Exercise details:
For the listing that follows, give again exactly the lines from the one with "Reconstruyendo Guardianes Comerciantes" to the one with "32 шт., маленькая", including both.

Given records:
● ● ● ● ● ● ●

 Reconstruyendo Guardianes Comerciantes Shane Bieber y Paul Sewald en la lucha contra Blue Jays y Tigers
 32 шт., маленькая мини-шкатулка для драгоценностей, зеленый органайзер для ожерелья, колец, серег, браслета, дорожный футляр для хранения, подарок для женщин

● ● ● ● ● ● ●

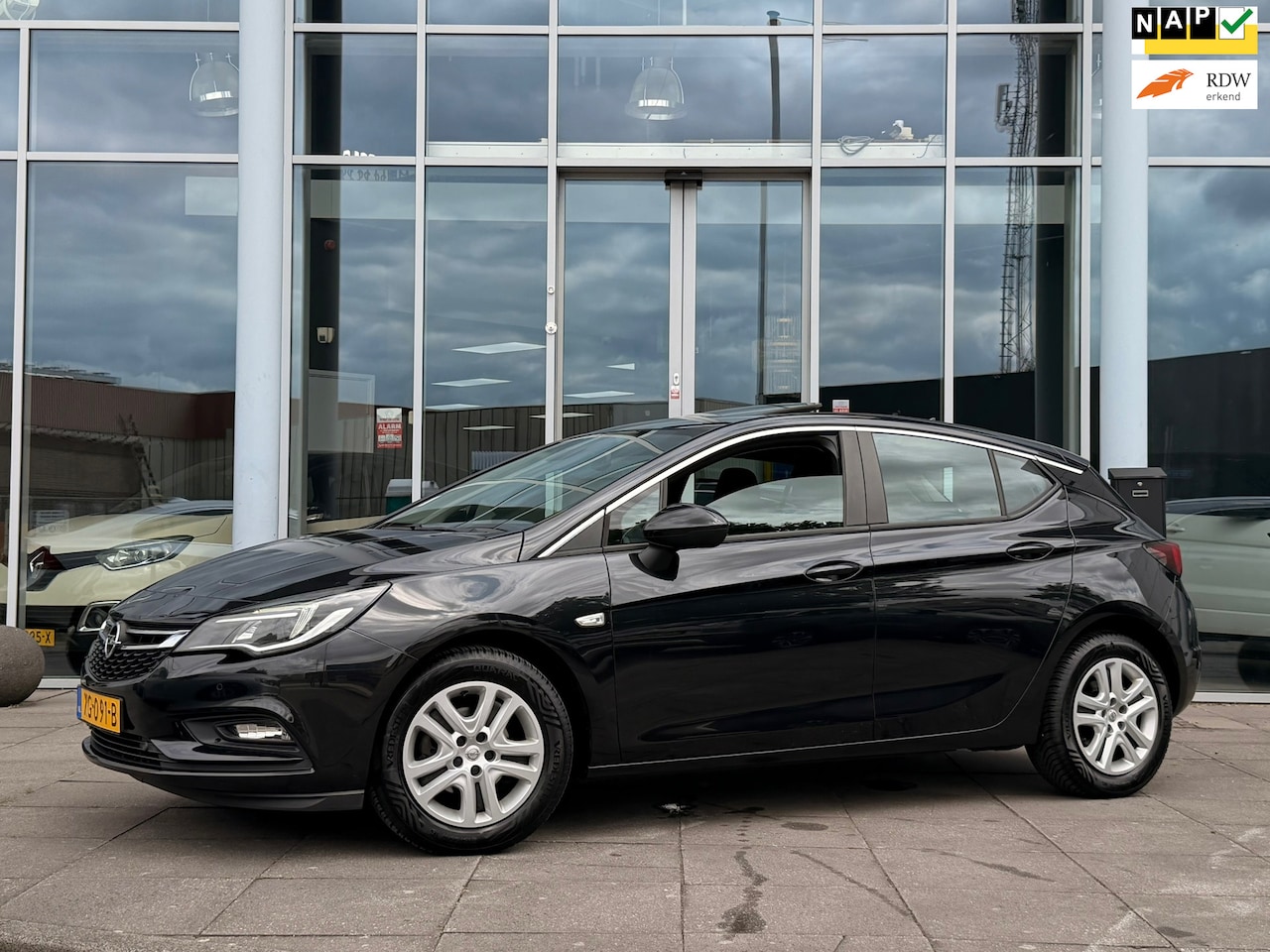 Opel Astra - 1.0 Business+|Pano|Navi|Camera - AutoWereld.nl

● ● ● ● ● ● ●

Answer box:
 Reconstruyendo Guardianes Comerciantes Shane Bieber y Paul Sewald en la lucha contra Blue Jays y Tigers
 32 шт., маленькая мини-шкатулка для драгоценностей, зеленый органайзер для ожерелья, колец, серег, браслета, дорожный футляр для хранения, подарок для женщин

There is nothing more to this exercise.